▸ YOUR INSTRUCTIONS:
If a line in the entries contains the string "house", include that line in your answer.

(Saved data entries)
__________________________________________________

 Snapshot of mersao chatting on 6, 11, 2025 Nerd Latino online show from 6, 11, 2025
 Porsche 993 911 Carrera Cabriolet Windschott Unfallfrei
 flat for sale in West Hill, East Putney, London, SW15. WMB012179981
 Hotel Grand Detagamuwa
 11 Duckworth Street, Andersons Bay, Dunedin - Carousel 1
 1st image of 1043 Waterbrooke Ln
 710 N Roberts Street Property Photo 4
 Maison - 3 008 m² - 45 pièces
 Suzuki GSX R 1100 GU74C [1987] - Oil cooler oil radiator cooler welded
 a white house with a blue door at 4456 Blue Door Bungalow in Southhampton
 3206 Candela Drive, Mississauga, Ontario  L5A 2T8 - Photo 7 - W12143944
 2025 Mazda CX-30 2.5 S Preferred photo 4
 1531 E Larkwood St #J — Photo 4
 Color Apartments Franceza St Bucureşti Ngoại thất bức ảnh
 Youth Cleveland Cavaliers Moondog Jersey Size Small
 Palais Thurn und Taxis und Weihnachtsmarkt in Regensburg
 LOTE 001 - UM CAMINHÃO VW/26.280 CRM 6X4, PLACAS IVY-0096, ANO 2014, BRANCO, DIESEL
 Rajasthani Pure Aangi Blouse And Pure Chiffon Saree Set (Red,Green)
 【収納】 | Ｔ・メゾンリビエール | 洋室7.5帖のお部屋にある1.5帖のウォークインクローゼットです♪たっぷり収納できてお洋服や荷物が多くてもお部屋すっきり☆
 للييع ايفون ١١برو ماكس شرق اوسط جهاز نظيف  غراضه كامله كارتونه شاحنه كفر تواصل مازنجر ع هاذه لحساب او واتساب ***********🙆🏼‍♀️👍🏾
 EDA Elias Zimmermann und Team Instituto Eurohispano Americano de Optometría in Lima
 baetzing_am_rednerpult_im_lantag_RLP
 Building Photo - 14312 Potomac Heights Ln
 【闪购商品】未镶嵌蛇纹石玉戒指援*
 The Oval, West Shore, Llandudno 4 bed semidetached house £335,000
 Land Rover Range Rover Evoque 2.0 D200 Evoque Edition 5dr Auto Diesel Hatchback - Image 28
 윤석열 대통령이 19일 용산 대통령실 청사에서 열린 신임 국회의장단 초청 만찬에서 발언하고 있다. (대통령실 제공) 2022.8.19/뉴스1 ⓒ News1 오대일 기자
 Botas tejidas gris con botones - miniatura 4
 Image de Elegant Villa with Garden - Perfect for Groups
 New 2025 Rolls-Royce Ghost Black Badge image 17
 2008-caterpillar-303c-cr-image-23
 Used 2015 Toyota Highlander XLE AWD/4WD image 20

__________________________________________________

▸ WORKED SOLUTION:
 a white house with a blue door at 4456 Blue Door Bungalow in Southhampton
 The Oval, West Shore, Llandudno 4 bed semidetached house £335,000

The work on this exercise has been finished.